Sul secondo pregiudizio riguardante la presenza di gangster e di parolacce, serve fare una precisazione assolutamente necessaria per una corretta informazione. Innanzitutto è vero che nei primi testi rappati dai primi Mc (Master of Cerimonies) compaiono termini volgari, ma non dobbiamo dimenticare il contesto che ha dato luogo a questa forma espressiva artistica. Il Rap, aspetto fondamentale della cultura Hip Hop, nasce precisamente come comunicazione che serve a illustrare da una parte, le storie di vita di chi ha vissuto quelle esperienze drammatiche, dure, di sopravvivenza ai limiti dell’impossibile. Ma dall’altro lato, serve anche a esprimere tutta la rabbia accumulata per quella situazione, come sfogo emotivo e psicologico personale. Le parole volgari presenti nei primi testi vanno dunque contestualizzate nello scenario di vita quotidiana in cui sono cresciuti i loro autori. Non erano parole tese ad offendere qualcuno senza motivo, ma avevano un preciso duplice scopo: sfogare la propria rabbia, tensione, frustrazione per la grave situazione in cui si viveva, e allo stesso tempo, attirare l’attenzione di qualunque mezzo di comunicazione di massa per avere una maggiore visibilità dinanzi alle amministrazioni e poter nutrire la speranza di un cambiamento migliore. Poi è chiaro che con il tempo, con lo sviluppo del fenomeno tipico degli anni recenti, detto Trap, che non ha nulla a che fare con il messaggio autentico della cultura Hip Hop, la volgarità terminologica ha assunto un aspetto più estetico, teso a far vendere di più il proprio singolo perché dotato di una carica emotiva più aggressiva, allontanandosi totalmente dal significato originario del Rap. Sulla presenza dei gangster si può dire, molto brevemente, che nell’immaginario collettivo essa ci richiama i tipici criminali mafiosi che spadroneggiano la città, con sacchi di soldi e loschi individui ai loro servizi.

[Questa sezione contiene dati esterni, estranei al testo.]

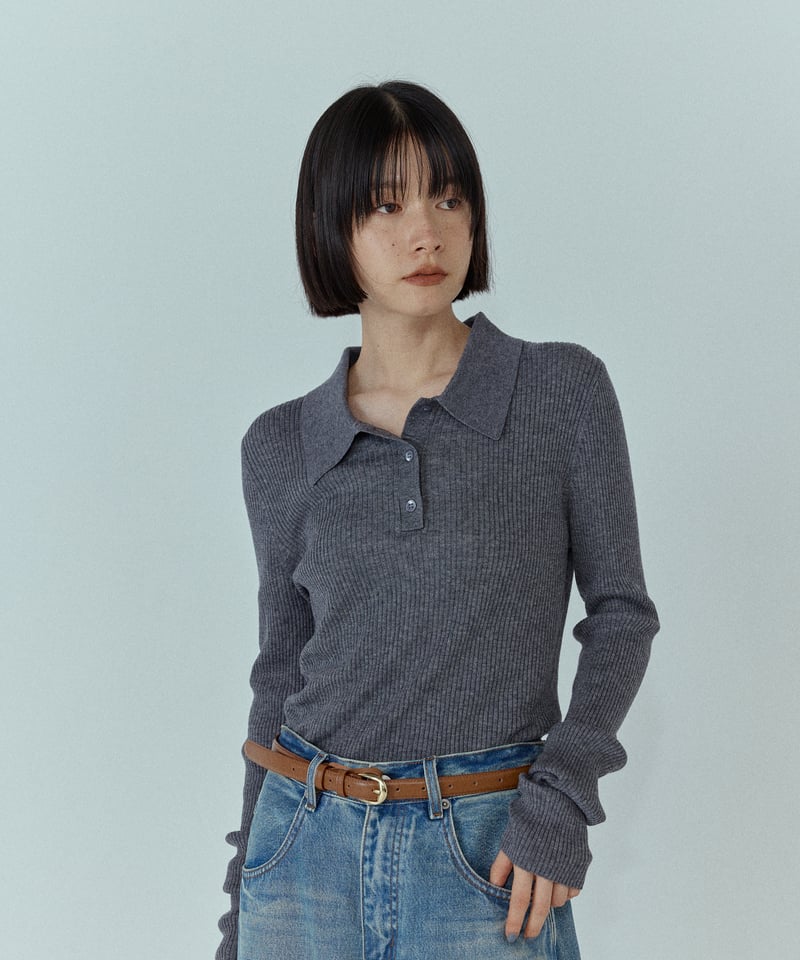 wool blend polo knit sweater/3color | F A S H I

In realtà, i veri gangster furono solamente i primi membri delle gang (da cui la parola gangster) e gli spacciatori di droga, detti pusher, figure poi scomparse o comunque fortemente ridotte grazie al contributo di Bambataa e di Herc.

Infine, per concludere con l’ultimo pregiudizio secondo cui la cultura Hip Hop sarebbe esclusivamente maschilista, non si può certamente negare che la grande maggioranza dei protagonisti che ne hanno segnato la storia, dai primi anni all’epoca contemporanea, siano stati uomini (writer, dj, b-boy, mc). Però questo non significa assolutamente che non vi sia stata e vi sia tutt’ora, una nutrita presenza femminile. Mi vengono in mente Roxanne Shantè, Mc Lyte, il gruppo dei The Fugees, le Salt’N Pepa, Missy Elliott, Queen Latifaah, ognuna con un proprio importantissimo contributo, specialmente dal punto di vista musicale e testuale. Certo, con il passare degli anni anche in questo ambito ci sono state evoluzioni dall’autenticità all’aspetto commerciale, però la presenza femminile è rimasta e si è forse ampliata.

Chissà cosa accadrà nei prossimi anni a questa cultura. Lo scopriremo solo vivendo, o meglio ballando, cantando, divertendoci insomma perché lo spirito originario è stato e resterà sempre e solo questo.